I remained perfectly still.

I heard his feet scrape on the back porch and then the door shut again. I peered around the trunk and saw him through the kitchen window, taking a beer from the refrigerator. I sighed and jumped to the Stanville Library.

 

There was a couch with a coffee table in Periodicals that was away from the windows and had one of the lights they left on above it. That's where I ate my sandwiches, feet propped up, chewing and staring off into the dark corners. When I was done eating I washed three ibuprofen down at the water fountain, then used the bathroom.

It was a relief not having to worry about someone crashing through the door. I soaked a few gauze pads with hydrogen peroxide and dabbed at the cut on the back of my head. It stung more than the time before and the pad came away with fresh blood. I winced, but cleaned it as best I could. I didn't want to end up in a hospital with an infection.

I bagged the ibuprofen, gauze, and peroxide, then flushed the used gauze down the toilet. I jumped, then, back to my hotel room in Brooklyn.

My head hurt and I was tired, but sleep was the last thing in the world on my mind.

It was time to see what I could do.

 

THREE

In Washington Square Park I appeared before a bench that I'd sat upon two days previously. There was a man lying on it, shaking from the cold. He had newspapers tucked around his legs and his fists knotted in the collar of a dirty suit jacket, pulling it close around his neck. He opened his eyes, saw me, and screamed.

I blinked and took a step away from the bench. He sat up, grabbing for his newspapers before they blew away in the light breeze. He stared at me, wild-eyed, still shivering.

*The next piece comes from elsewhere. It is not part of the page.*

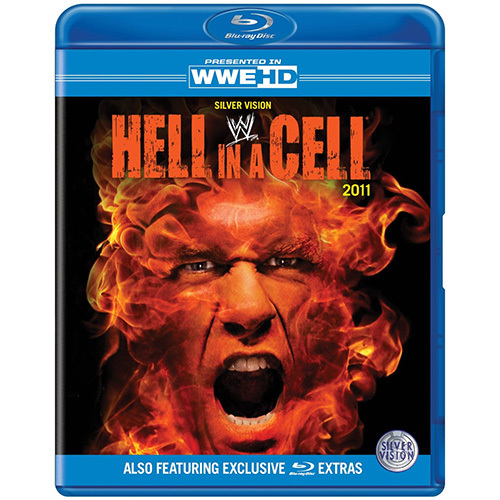 WWE - Hell In A Cell 2011 (Blu-ray), WWE Home Video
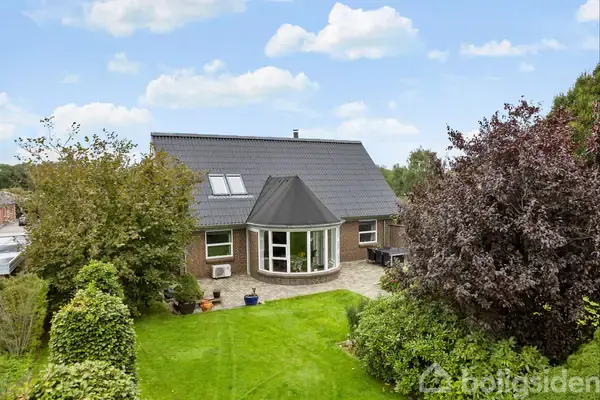 Villa på Karen Blixens Vej 35, 7430 Ikast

I jumped back to the hotel room in Brooklyn and took the blanket from the bed, then jumped back to the park.

He screamed again when I appeared, shrinking back onto the bench. "Leave me alone. Leave me alone. Leave me alone." He repeated it over and over again.

Moving slowly, I put the blanket on the other end of his bench, then walked away down the walk to MacDougal Street. When I'd walked fifty feet or so, I looked back at the bench. He'd picked up the blanket and wrapped it around himself, but he wasn't lying down yet. I wondered if someone was going to steal it from him before morning.

As I neared the street, two men, dark figures silhouetted by the streetlights, blocked my path.

I looked over my shoulder so I wouldn't be taken by surprise again.

"Give us your wallet and your watch." There was the gleam of a knife in the streetlight; the other man hefted a length of something heavy and hard.

"Too late," I said. And jumped.

 

I appeared in the Stanville Library, back in front of the shelf that went from "Ruedinger, Cathy" to "Wells, Martha." I smiled. I hadn't had any particular destination in mind when I'd jumped, only escape. Every time I'd jumped from immediate, physical danger, I'd come here, to the safest haven I knew.

I mentally listed all the places I'd teleported to and considered them.

They were all places I'd frequented before jumping to them, either recently, in the case of Washington Square and the New York hotel, or repeatedly over a long period of time. They were places I could picture in my mind. I wondered if that was all it took.

I went to the card catalog and looked up New York. There was a listing under guidebooks, Dewey decimal 917.471. This led me to the
1986 Foster's Guide to New York City.
On page 323 there was a picture of the lake in Central Park, in color, with a bench and trash can in the foreground, the Loeb Boathouse to one side.